Cuando entré por primera vez a la Redacción sentí que estaba en un lugar indebido. Escribía con las dos manos sobre el teclado pero no tenía título, así que salí corriendo hacia la Pitman que estaba a dos cuadras por ese entonces. Los demás colegas del diario se reían. Algunos, los más osados, me acompañaron hasta un escritorio donde estaba Carlos Páez de la Torre (h) sacando la lengua y escribiendo a una velocidad inusitada. Le bastaba un solo dedo que se deslizaba por las duras teclas de las Lexicon 80 como si fuera una bailarina de ballet. De ese dedo salían libros y libros.

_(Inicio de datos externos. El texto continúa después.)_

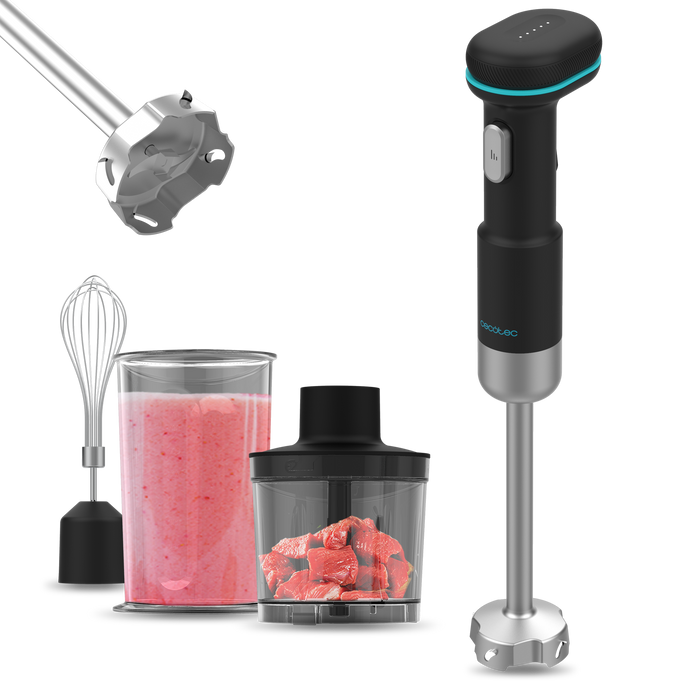 Blender vertical fără fir Cecotec BlendGo Hand, 180 W, 6.500–13.000 rpm, autonomie până la 45 min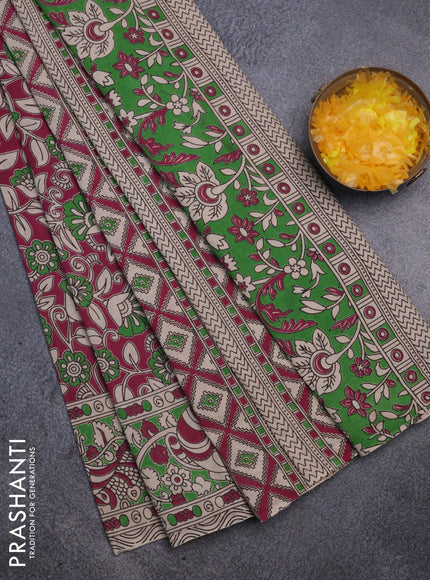 Kalamkari cotton saree magenta pink and green with allover prints and printed border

Era tal su concentración que ni hola dijo. O tal vez ni le importaba.

Carlos había tenido un viaje en avión que mejor olvidar. Pero en su calidad de historiador lo recordó siempre. Así que sus viajes largos los hacía en ómnibus. Esas horas tediosas y aburridas para cualquiera se convertían en fuentes de energía para cargar pilas y para leer libros eternos que quedaban guardados en su privilegiada cabeza.

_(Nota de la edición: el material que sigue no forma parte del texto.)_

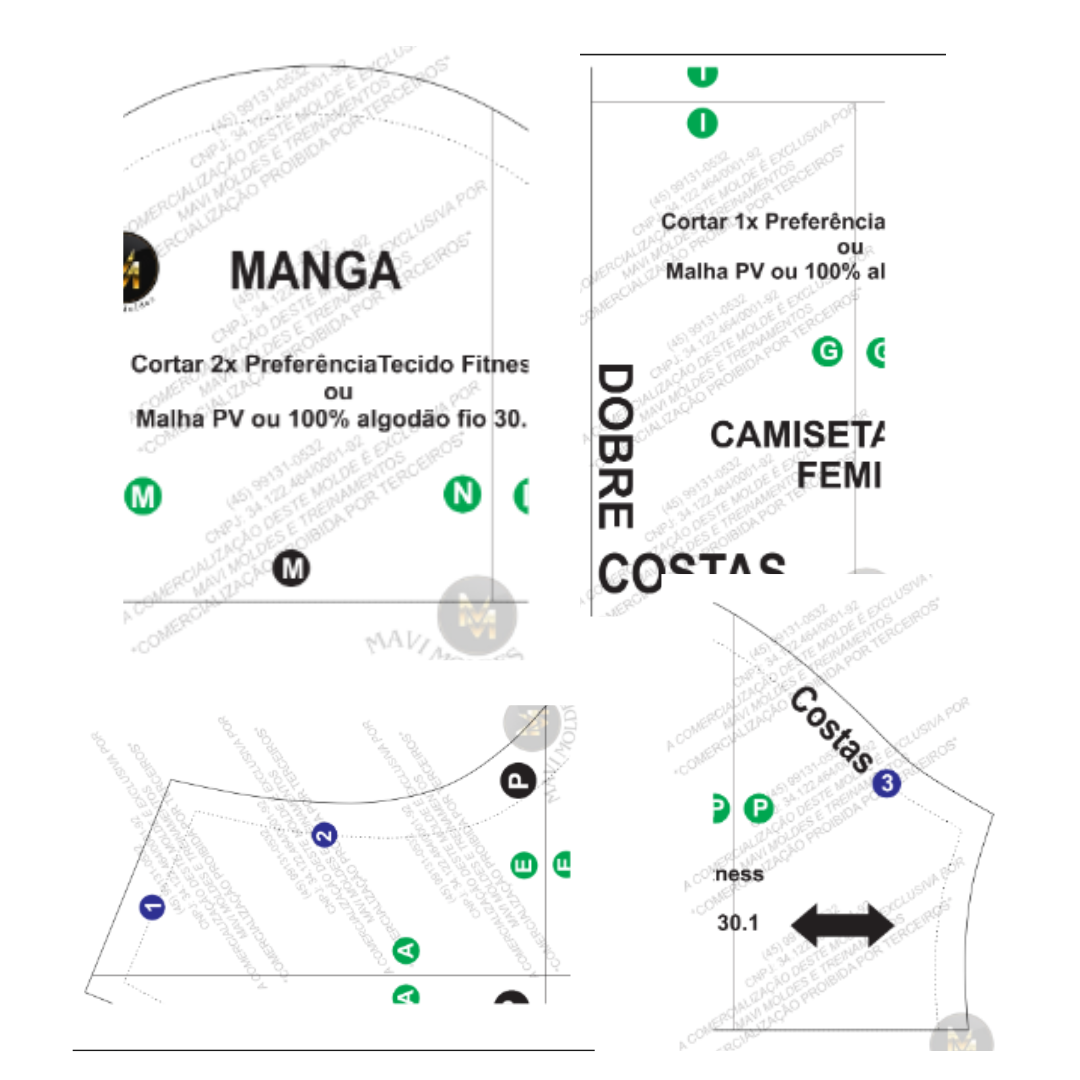 Moldes em PDF do combo: manga, costas e frente da camiseta, graduados com marcações de corte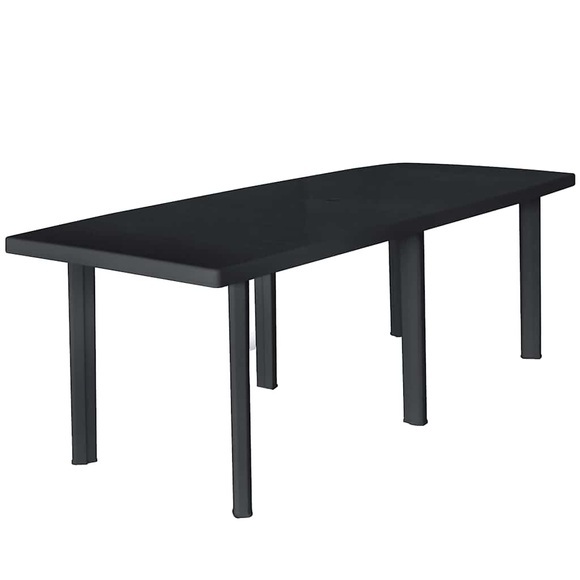 Gartentisch Anthrazit 210 x 96 x 72 cm Kunststoff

A Carlos se le escapaban las palabras. Pero todas se escapaban ordenadamente. Construían anécdotas interminables. Algunas duraban toda la noche. Entretenían, enseñaban, abrían caminos. Hasta las más duras y truculentas tenían guardada una carcajada. Carlos era solidario. Compartía su sabiduría y después su dedo la convertía en letras de plomo y tinta.

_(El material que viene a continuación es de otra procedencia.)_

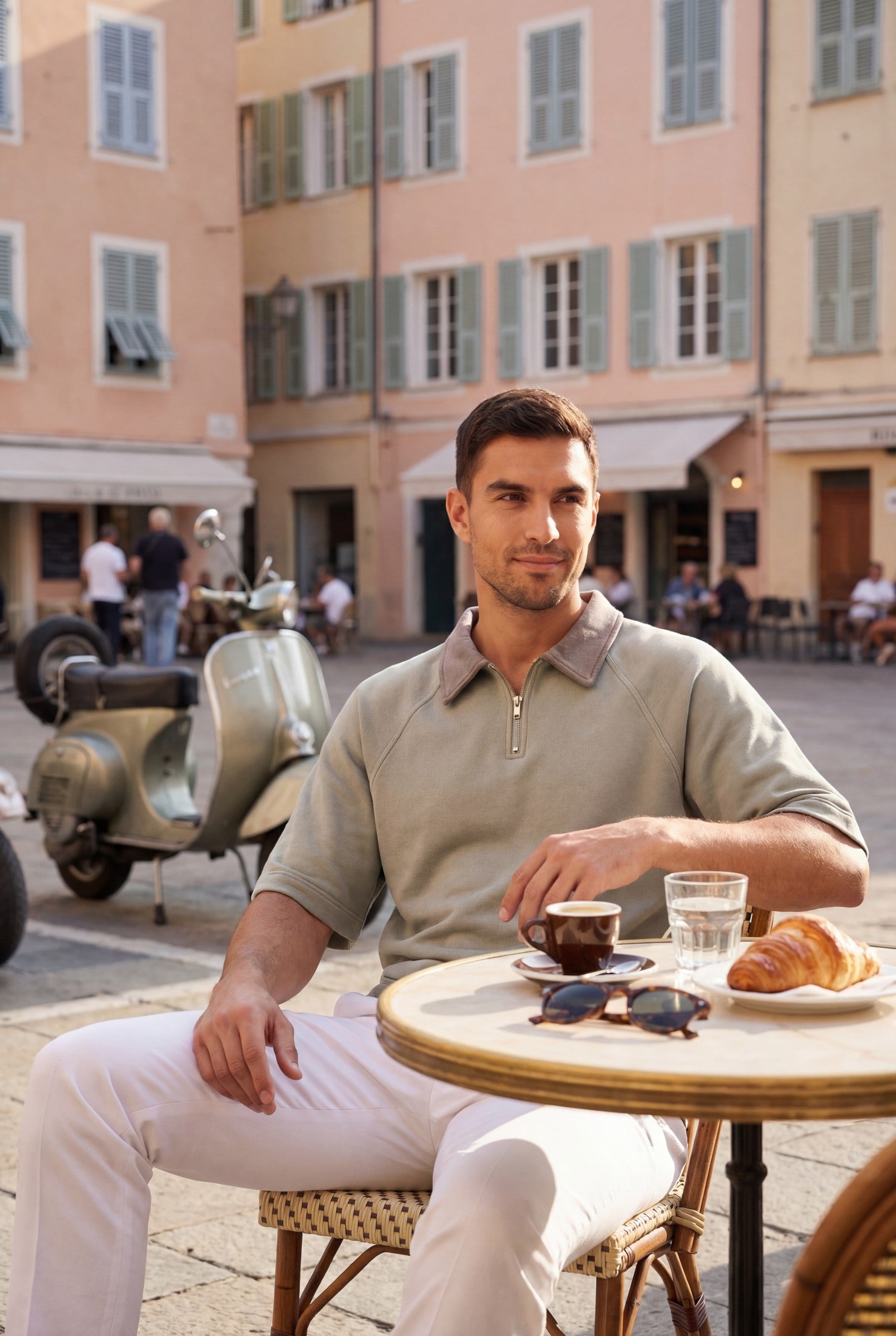 Men's Snow Washed Quarter Zip Polo | Blackstone London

En ese torrente de cuentos que iban y venían, que navegaban en cafés o en güisquis y siempre se abrumaban por el humo de algún cigarrillo, era difícil meter un bocado. A veces cuando volvía de la madrugada sentía que habíamos sido la claque del hombre sabio. Cuán equivocado estaba. Al otro día se acercaba a mi escritorio en LA GACETA y dejaba una nota escrita sobre algo que le habíamos preguntado o consultado la noche anterior. Y si el desvelo no le había permitido escribir una crónica te tiraba un puñado de ideas para resolver el problema de la noche anterior. Es que Carlos hablaba, pero también escuchaba.

Carlos además tenía amigos. Los hacía rápido. Una noche le bastaba. A veces llegaba a la Redacción con cara de preocupado -al menos con el ceño fruncido- y empezaba a preguntar por qué tal o cual persona había salido maltrecha en alguna crónica. Vos le explicabas con detalle y se iba sin decirte nada. Sin un pedido. Carlos era amigo, pero también periodista.

Un día caminaba hacia el fondo del interminable pasillo que separa la Redacción con los baños y de una de las salitas salía humo. Casi en la oscuridad, estaba Carlos con una prueba de página, un lápiz y obviamente, un cigarrillo. “¿Qué hacés Carlos?”, me animé a decir sacándolo de su romance con el texto. No sé si le hablaba bajito y cariñosamente o si sólo releía. Al fin y al cabo era lo mismo. Buscaba que esa nota que había escrito minutos antes le devolviera toda la pasión que él había puesto. No iba a tolerar una palabra de más ni mal dicha. “Me estoy corrigiendo”, respondió. Carlos era impiadoso con él mismo.

Y una tarde cuando ya la muerte lo estaba llamando se acercó y me dio unos pantalones que ya no iba a usar. “Guardalos, seguro te van a servir”. Carlos, en tantas jornadas compartidas, me había enseñado la importancia de preguntar, de escuchar, de leer y de escribir, de chequear y de releer sin abandonar nunca la curiosidad. Sólo faltaba ponerme los pantalones de periodista.